All these factors must be taken into account to minimize the failures of these restorations. Moreover, the newest techniques include CAD/CAM production of whole veneer from lithium-disilicate ceramics, which is then joined with zirconium framework. These restorations show much better mechanical properties compared to layered or over-pressed zirconium restorations (31, 32). The latest development in production of zirconium-dioxide is high-translucency (HT) zirconium-dioxide, which allows production of full-contoured monolithic restorations without need for veneer and risk of chipping (Figure 3). These restorations are stained to get better esthetics, but the development of HT zirconium still has not progressed sufficiently to achieve excellent esthetics, and therefore its indications are still in the posterior region, whereas for the anterior teeth the veneered zirconium-ceramic is used.

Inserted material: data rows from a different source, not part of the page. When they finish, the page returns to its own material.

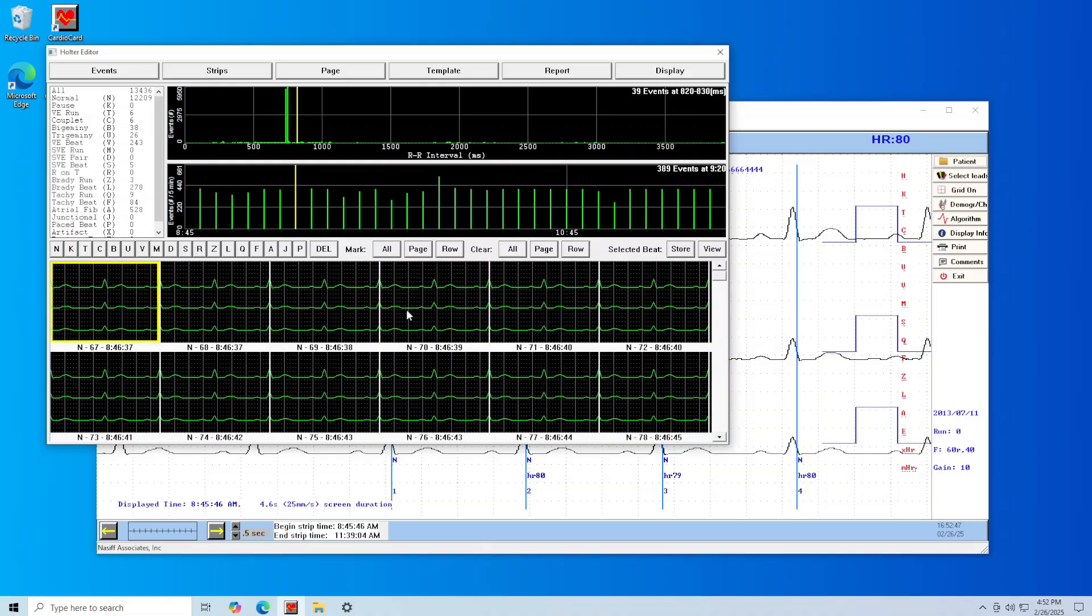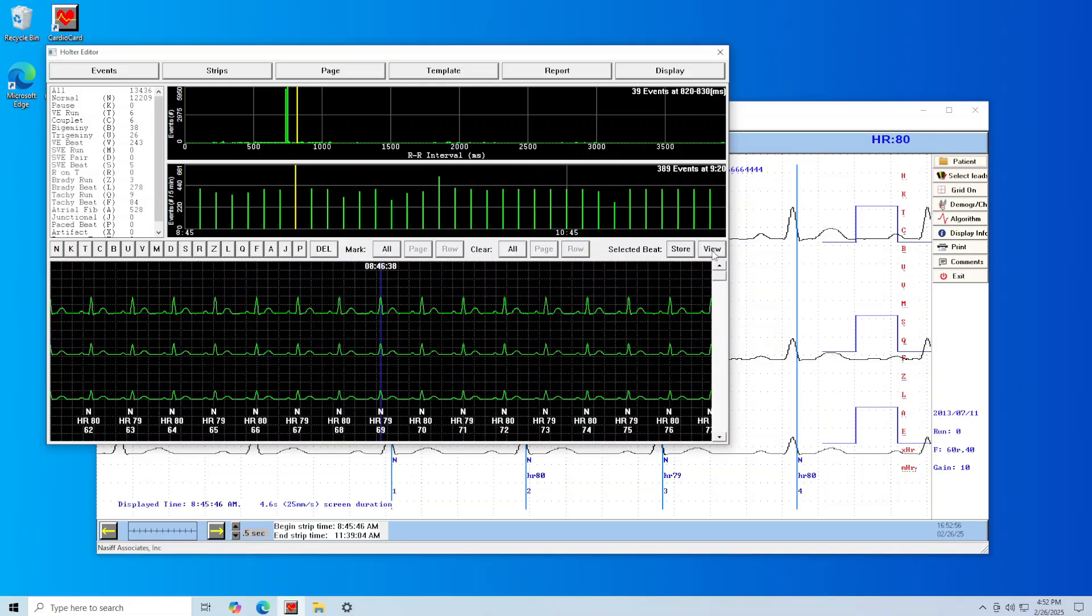To view a section of test, select the section once so it is highlighted in yellow and click on View. This will expand the view of the selected time section of your Holter test. To go back to the condensed view, just click on View again.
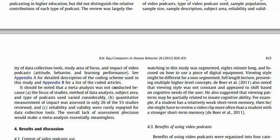Additionally, reliability of the tools were rarely reported. If that's the case, it doesn't make sense to do a meta-analysis because the quality of data collection doesn't justify the numbers produced. The overall lack of assessment precision makes a meta-analysis essentially meaningless, so you should include a justification for why you're doing a thematic analysis instead.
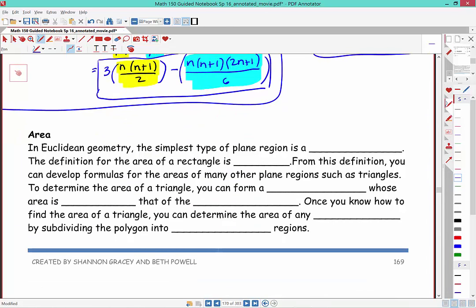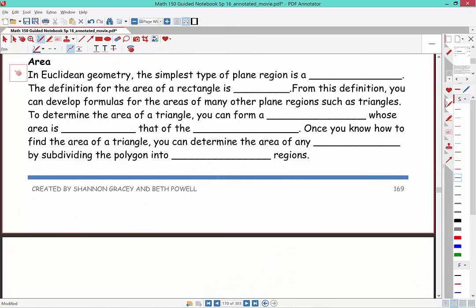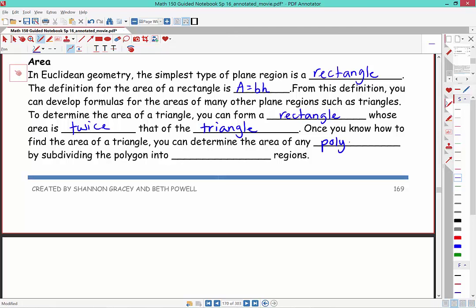Now let's discuss area. In Euclidean geometry, the simplest plane region is a rectangle. Area = base × height. From this, you can develop formulas for other regions such as triangles — form a rectangle whose area is twice that of the triangle. Once you know triangle areas, you can find the area of any polygon by subdividing it into triangular regions.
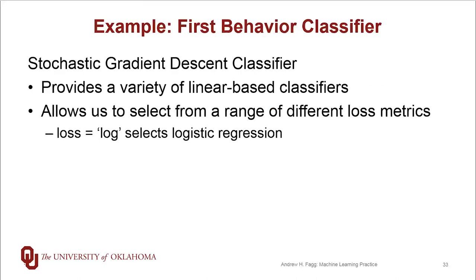We're going to make use of a built-in mechanism into Scikit-Learn called Stochastic Gradient Descent Classifier or SGD classifier. This provides a variety of different linear based classifiers within the class and depending upon how you set up things you'll end up with a different classification algorithm.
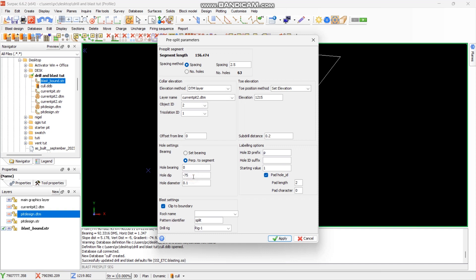The dip — that's the gradient — we want minus 75. Diameter is 0.1. For labeling, we want a prefix for the holes; the prefix will be P meaning pre-split. Starting value with a pad length of two so that it reads 01, 02, 03 and upward.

Clinical studies regarding reliability and longevity of zirconium-ceramic restorations are in the correlation with the in vitro studies (33-48). Fracture of the veneer ceramic is the main complication, but the incidence of major and minor chipping is hard to strictly determine since there is no standardized fracture categorization. On the other hand, zirconium framework fracture occurs very rare. Anatomical design of zirconium framework decreases the possibility of chipping and leads to better clinical performance (36, 38-40). Different veneering techniques also affect the reliability of zirconium restorations, with the greatest improvements when veneer ceramic was over-pressed to the anatomically designed zirconium framework (38). Nevertheless, the survival rate of zirconium-ceramic restorations is very high, because most of the reported veneer fractures are minor ones, and are easy to repair in the mouth without compromising the esthetics and function.
After great expectations from zirconium-ceramics, the clinical use has shown imperfections of this material. There is still no standardized technical procedure in manufacturing of fixed restorations, which leads to great discrepancies in reliability of zirconium-ceramics. From its introduction, it has undergone many improvements, but further enhancements are needed for it to become the gold standard in dental medicine.